What is wanted is every line below from the one with "Welcome to the" up to and including the one with "In ROS2, you", retyped exactly, pictures excluded, nothing else.

◆ **RECORDS SUPPLIED**:
--- START ---
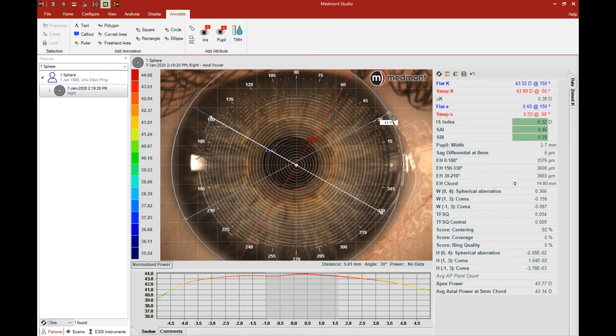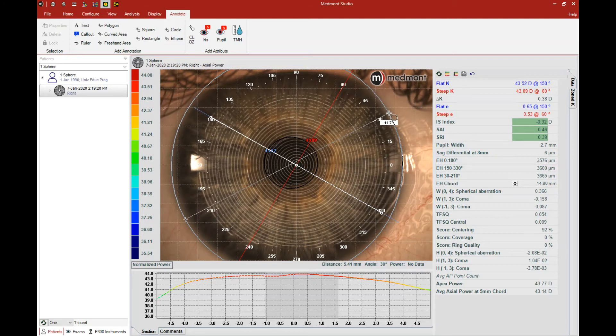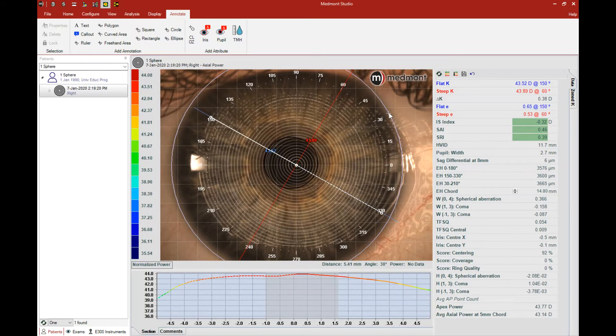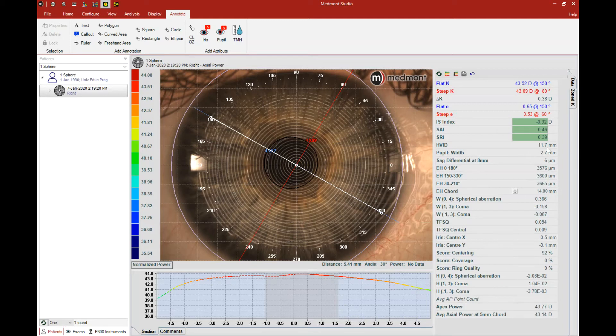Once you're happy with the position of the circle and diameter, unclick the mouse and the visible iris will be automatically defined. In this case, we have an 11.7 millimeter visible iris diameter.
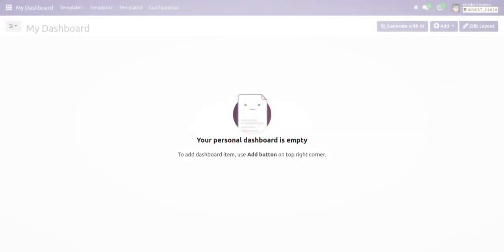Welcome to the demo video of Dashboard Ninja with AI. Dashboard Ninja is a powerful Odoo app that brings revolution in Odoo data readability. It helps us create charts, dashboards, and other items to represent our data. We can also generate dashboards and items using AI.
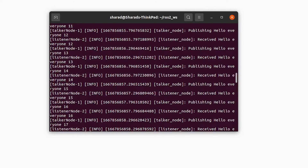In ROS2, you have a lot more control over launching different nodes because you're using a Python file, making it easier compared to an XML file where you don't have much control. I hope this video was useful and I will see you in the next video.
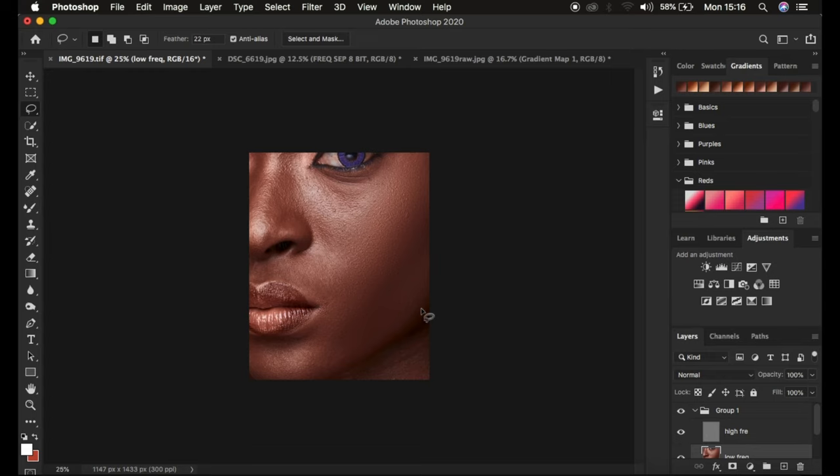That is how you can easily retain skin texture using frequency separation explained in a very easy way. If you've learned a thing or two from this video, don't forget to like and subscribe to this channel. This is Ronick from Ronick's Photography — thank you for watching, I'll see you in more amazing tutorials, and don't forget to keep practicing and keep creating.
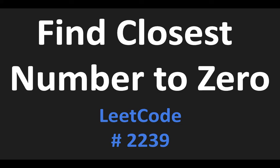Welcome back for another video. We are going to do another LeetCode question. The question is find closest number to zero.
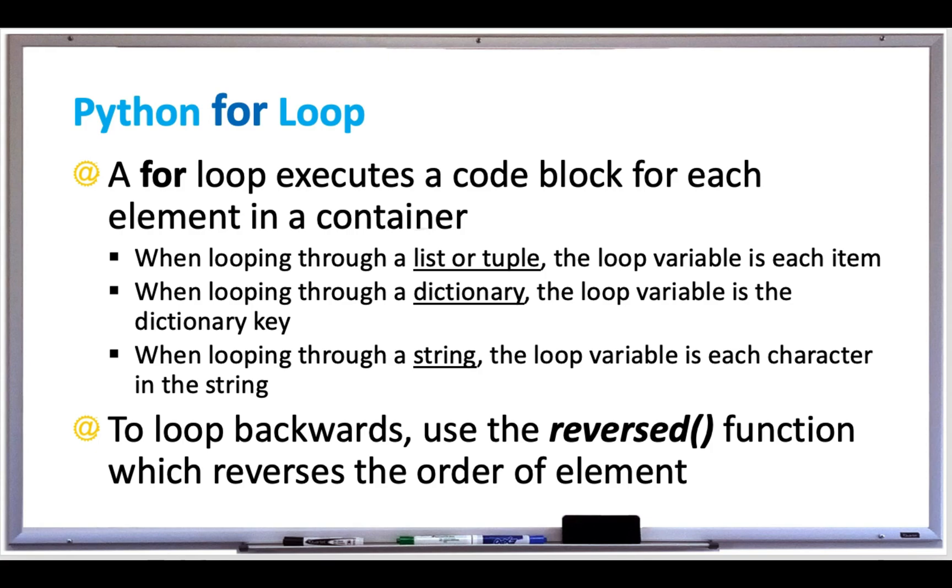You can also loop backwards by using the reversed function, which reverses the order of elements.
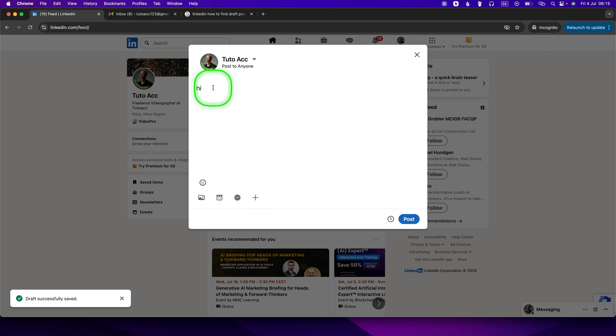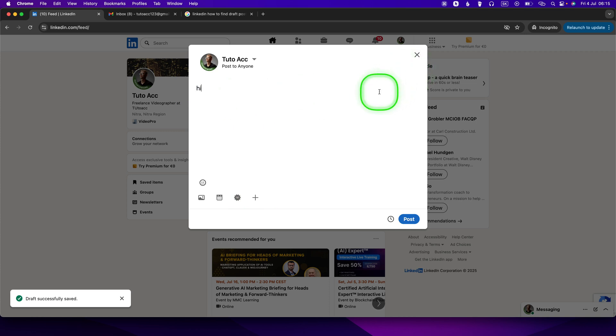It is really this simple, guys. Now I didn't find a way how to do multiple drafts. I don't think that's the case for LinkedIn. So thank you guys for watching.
--- END ---
--- START ---
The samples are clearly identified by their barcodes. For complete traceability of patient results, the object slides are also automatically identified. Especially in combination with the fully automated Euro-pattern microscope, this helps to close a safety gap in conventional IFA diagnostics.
--- END ---
◆ **EXERCISE RESPONSE**:
Welcome to the demo video of Dashboard Ninja with AI. Dashboard Ninja is a powerful Odoo app that brings revolution in Odoo data readability. It helps us create charts, dashboards, and other items to represent our data. We can also generate dashboards and items using AI.
In ROS2, you have a lot more control over launching different nodes because you're using a Python file, making it easier compared to an XML file where you don't have much control. I hope this video was useful and I will see you in the next video.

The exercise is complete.